By Katelan Cunningham

My enthusiasm for “Hot Tub Time Machine” was nearly a lone cry. People wondered, “Why is John Cusack lowering his well-established romantic comedy reputation?” “What’s that bald guy doing off ‘The Daily Show’?” and “Why does that kid with the glasses still have that awkward feminine haircut?”

This journey of bonding and bro-dom is a common theme in the past couple years with movies like “Superbad,” “Without a Paddle” and my personal favorite, “The Hangover.”

In every bro movie, friendships are challenged, there is the goal they’re trying to reach, something they are trying to find, the one particular bro who eventually messes it all up and the girl who just gets in the way.

However, in the end, friendship always prevails. So how is “Hot Tub Time Machine” any different? I’m not sure it is, with the obvious exception of a hot tub time machine.

Nick (Craig Robinson), Adam (John Cusack) and Lou (Rob Corddry) are middle-aged friends who have lost touch since their rambunctious days of irresponsible spontaneity. “We were young. We had momentum. We were winning,” Adam reminiscences.

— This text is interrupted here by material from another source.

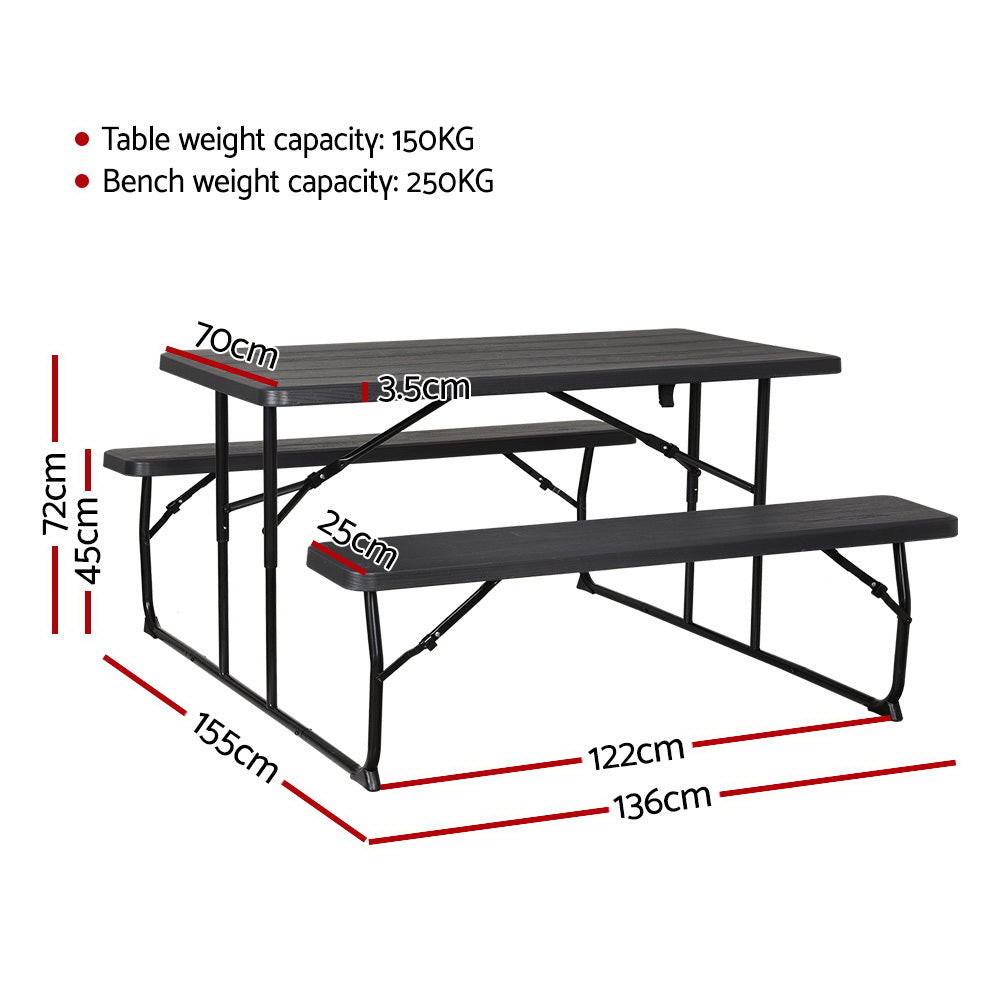 Gardeon 3 PCS Outdoor Furniture Dining Set Lounge Setting Patio HDPE Bench-1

After the near-death/suspected suicide of Lou, they are brought together for a trip to Kodiak Valley. Jacob (Clark Duke) is Adam’s 20-year-old nephew who is living with him because he’d rather sit in the basement and face hard time in Second Life instead of facing his mom’s boyfriend—so he too tags along for the ride.

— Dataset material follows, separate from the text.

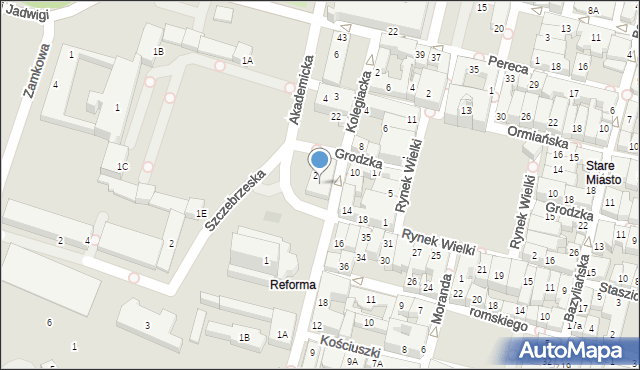 Zamość, Kolegiacka, 3, mapa Zamościa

Kodiak Valley is not the drug-ridden, girl-littered party hub that they remembered. However, they settle in their familiar hot tub (but only after the double doors fly open revealing it has miraculously started boiling and glowing orange). They strip down, hop in, have some drinks, pass out and wake up in 1986. What I wanted was a movie about a hot tub time machine and that’s what I got. The film is focused and consistent and it is hilarious with a moral.

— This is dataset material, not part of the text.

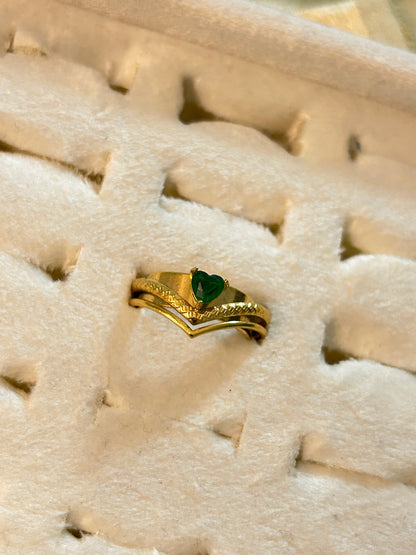 Green Heart Adjustable Statement Ring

These heartbroken, deceived-by-destiny, substance-reliant men plus nephew Jacob find themselves in a world where their iPhones don’t work, Michael Jackson is still black and MTV still airs music videos. In a frantic state to get out of 1986 and back to 2010, their only clue to a way back to the present is the hot tub maintenance man, aka “mystical time travel guide guy,” played by Chevy Chase.

The humor favors laughing at the failed joke and various crude references to the male anatomy. Admittedly, all of this was expected and still handled with relative taste.

Cusack lovers should have some faith in him. There is no need to fear that this was not a cop-out film for a bit of cash. It may be out of his genre, but he co-produced the film. There is a bit of love and a broken heart or two. Even some questioning of destiny. (“Serendipity” anyone?)

While I didn’t find myself teary-eyed with laughter like in “The Hangover,” “Hot Tub Time Machine” definitely left me with some quotable lines. Nobody woke with Mike Tyson’s tiger, a baby in a closet and lost teeth. However, these guys did wake up to leg warmers, “Miami Vice” T-shirts and cassette players. It is hilarious and just as outrageous as its title implies.